Becky Kiel

Emerging Author

Axe and Blaze

I set the axe beside my bag in the car. Leaving Kansas City before dawn, I drove south across snowy Missouri and Kansas, across Oklahoma’s brown pastures, across the Red River. When I was ten, Grandpa brought me on my only other trip to Texas. He took me to a church and then to a white wooden farmhouse where an old woman sat under a shade tree in the yard. He told her I played flute in the school band, and she, my great-grandmother, smiled at me. Mostly, she gazed out across a cotton field as she sat under the tree with people gathered on her lawn and in her house after my great-grandfather’s funeral.


Grandpa took me into the house to a wall in the basement, a white wooden wall like the white frame house. His hand resting on the wall, he said his grandfather hid a chest full of money in the basement and built the wall to hide it. The wall had remained untouched through hard times. Our family always found a way to get by, saving the hidden chest of money for a time when it would be needed more.


The old woman under the shade tree, Pearl Sarah Johnson Ferrier, lived to age 114, outliving my Grandpa and everybody else. Except me.


I drove to the lawyer’s office and learned that only the farm house remained. The fields had been sold off long ago. They told me the house had deteriorated in the thirty years my great-grandmother had been in a nursing home. Such as it was, the property was mine.

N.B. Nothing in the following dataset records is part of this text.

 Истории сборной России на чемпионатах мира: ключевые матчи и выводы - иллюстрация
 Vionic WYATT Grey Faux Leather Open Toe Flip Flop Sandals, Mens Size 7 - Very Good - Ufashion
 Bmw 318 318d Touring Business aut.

I checked in at a Holiday Inn before finding the house behind a city park. The old shade tree stood leafless in the sunset. Down the street a school, closed for the holidays, stood where my family had grown cotton. At the end of the block, people gathered for a New Year’s Eve barbeque.


The power was shut off at my old house. Shining my flashlight around, I saw a sagging sofa, and a dusty clock sat on the fireplace mantle. At the basement stairs I pointed the flashlight down and went to the wall where Grandpa had led me. Country music from the party down the street filled the old house. I swung my axe at the wall hiding the chest. The effort left me breathless, but it didn’t take long. I hesitated to open the chest. So many years my family had kept it hidden and closed. But it was mine, all mine.

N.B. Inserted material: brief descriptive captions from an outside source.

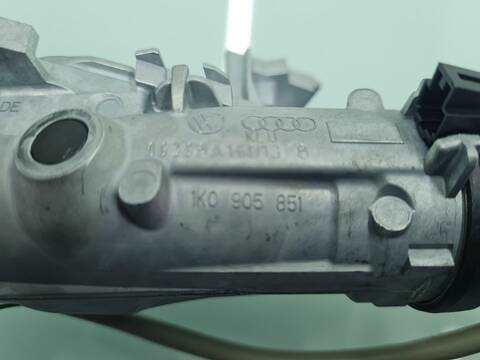 Foto 3ª: Motor de Arranque Seat Leon I-TECH 105CV 77KW [CLH] (2014)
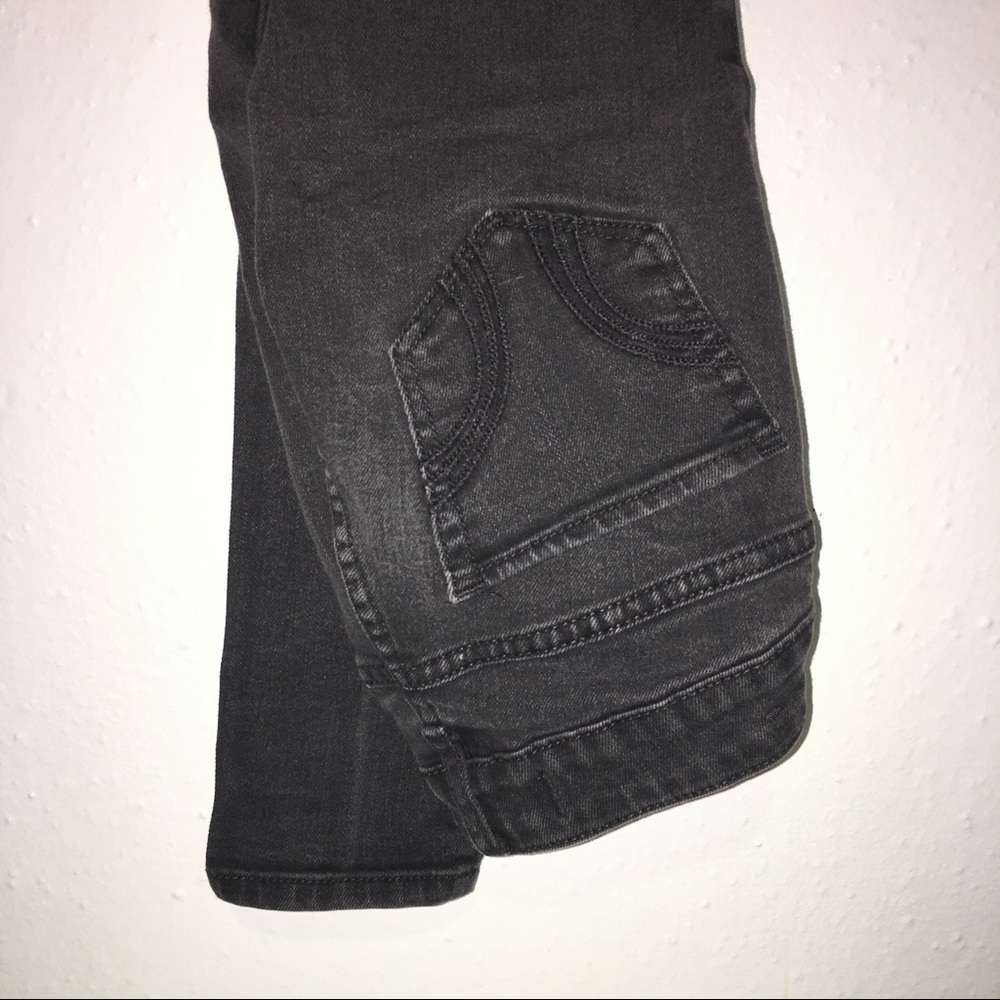 Black Hollister Jeans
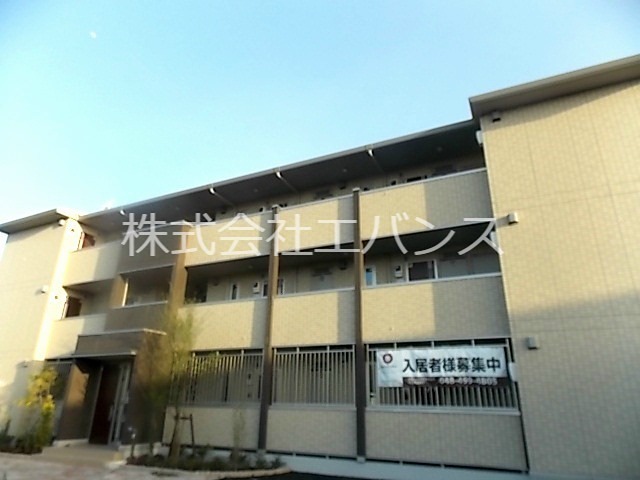 アネシス 外観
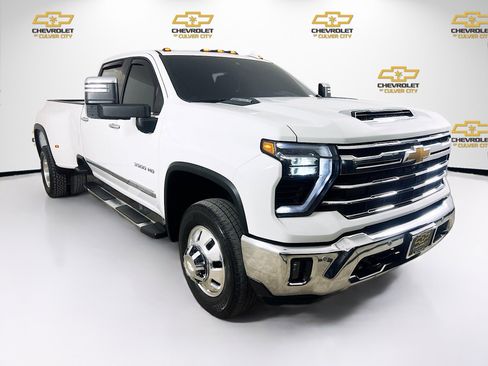 Used 2024 Chevrolet Silverado 3500 LTZ w/ LTZ Plus Package image 1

Yes! It was mine! Bundles and bundles of money! All Confederate bills!


Two days later, I got the local museum director to come to the house. He accepted my donation of the chest of money and the old clock. He said the Confederate money was worth something to collectors. I had been getting by without it. I felt like dragging the chest back to my condo would have been like inviting a dead body into my life in Kansas City. I helped him carry the chest up the stairs to his car. Then I went for a walk through the park and down other streets. I wanted to be rid of the past that was not part of who I was. Not reasonably rid of it but somehow rip it out of my life.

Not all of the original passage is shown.